Teaching a new trick is a great way to spend quality time with your pet, strengthen the bond with your pet and provide them with mental stimulation. Contrary to the old saying, an older dog can absolutely learn new tricks. The trick you choose to teach your pet is completely up to you and your pet's comfort level. You can teach anything from basic give paw tricks to teaching your pet to clean up their own toys, fetch your slippers, or bring the paper! Tricks are a great source of mental stimulation, while learning new things helps to build your pet's confidence!

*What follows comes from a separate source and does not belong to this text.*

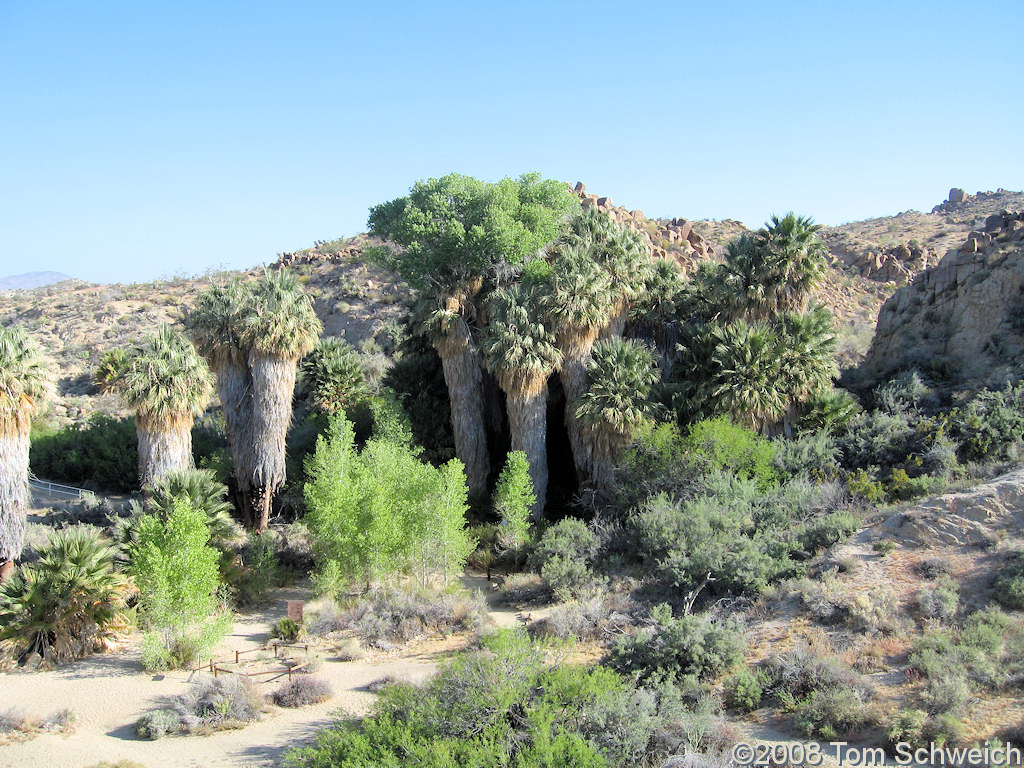 California, Riverside County, Joshua Tree National Park, Cottonwood Spring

Another great confidence builder for our pet is an at home agility course! Agility courses provide physical and mental exercise, build confidence and strengthen the bond with your pet and they are tons of fun! Agility courses don't need to be large or expensive, and simply teaching your pet to weave through your legs can be part of a fun course. Teaching your pet to back-up, or spin to the left or right following your hand, or jump through a hoop or over objects, and running through a tunnel are fun ways to learn basic agility. An easy agility tunnel can be made by placing blankets over two chairs spaced apart, and a low jump can be made by laying a broom across 2 stacks of books. Weave poles can be set up with just about anything - toys, book stacks, empty 2 liter soda bottles or agility cones.  Your imagination is the limit when it comes to a fun in-home agility course. Our recent blog post At Home Agility Fun has even more inside agility ideas and tips.

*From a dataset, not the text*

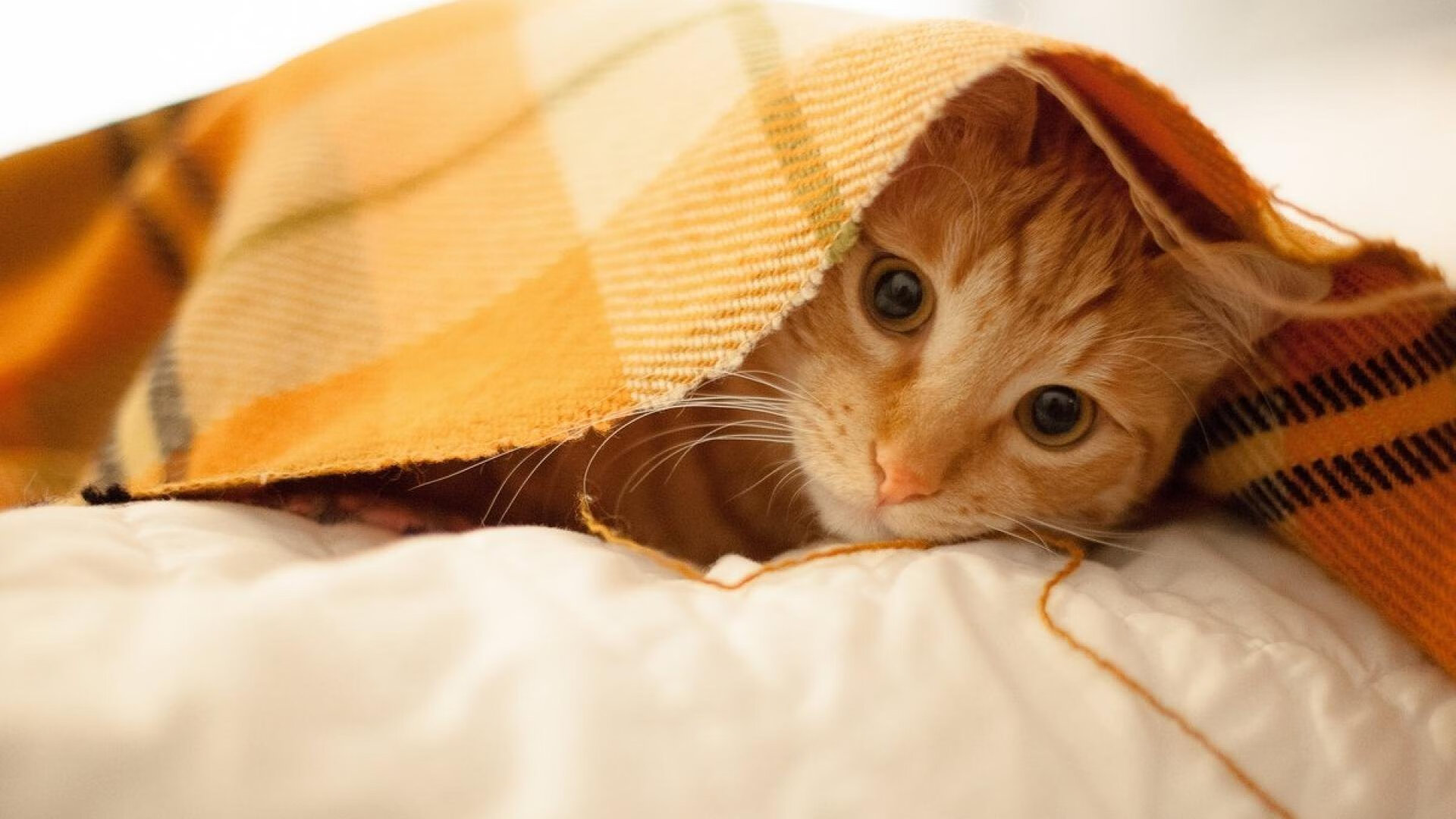 开云体育app-巴萨终结克罗地亚，福登如何以战术哲学的手术刀，剖开格子军团最后的坚持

 We want to spend as much quality time with our pets as possible, but that's not always an option. For times when we can't be there, interactive feeder games and puzzles can provide mental stimulation for our pets!  These games can be as simple as filling a Kong with treats and having our pets work to get the treats out by rolling the Kong around to interactive puzzle games designed to be a little more complicated than a Kong, but still provides a small treat or kibble when figured out. There is a large variety of these puzzle games to pick from including: Hide-and-Slide Puzzle, IQ Treat Ball, and classic Kong. Along with basic hide and roll treat puzzles, there are puzzles for the more advanced pet, like Outward Hound Dog Brick Interactive Dog Toy that includes sliding discs and mazes, and Dog Twister Interactive Dog Toy which challenges pets to “look for treats by moving one block after another in different circles.”  

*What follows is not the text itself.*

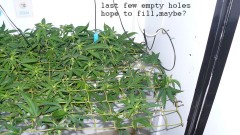 drobes 29 09 22 003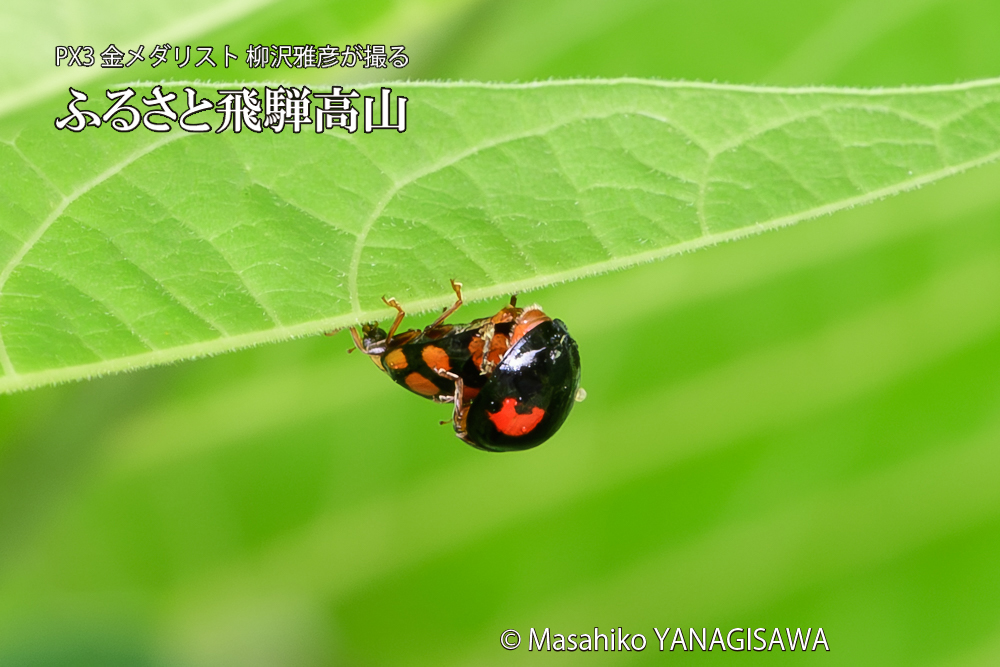 飛騨高山に棲むテントウムシの写真です。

Cats are inquisitive and love to stalk and hunt prey, and there are many fun mental stimulation games made just for them, too! Bunk Bed and Playroom for cats is a box with many different holes and kitty toys attached. Similar to dogs, there are also treat games for cats, like the multi-tier Catit Senses Food Maze.  Cat puzzle boxes where the cat must attempt to remove toys from the box through different holes can be hours of fun for kitty. Puzzle boxes can even be made by cutting holes into the top of a cardboard box, putting your cats' favorite toys inside and taping the sides shut. Make the holes large enough for your cat to fit their paw and toy through, but not large enough to get their head inside to get stuck.

Depending on the weather conditions and temperatures, our pets can still benefit from outside time, but with shorter intervals. For high energy, or younger, pets, that may not be enough. Winter time doesn't have to mean boredom for our pets. A little creativity and quality time can result in a happy, healthy, mentally stimulated and well-behaved pet.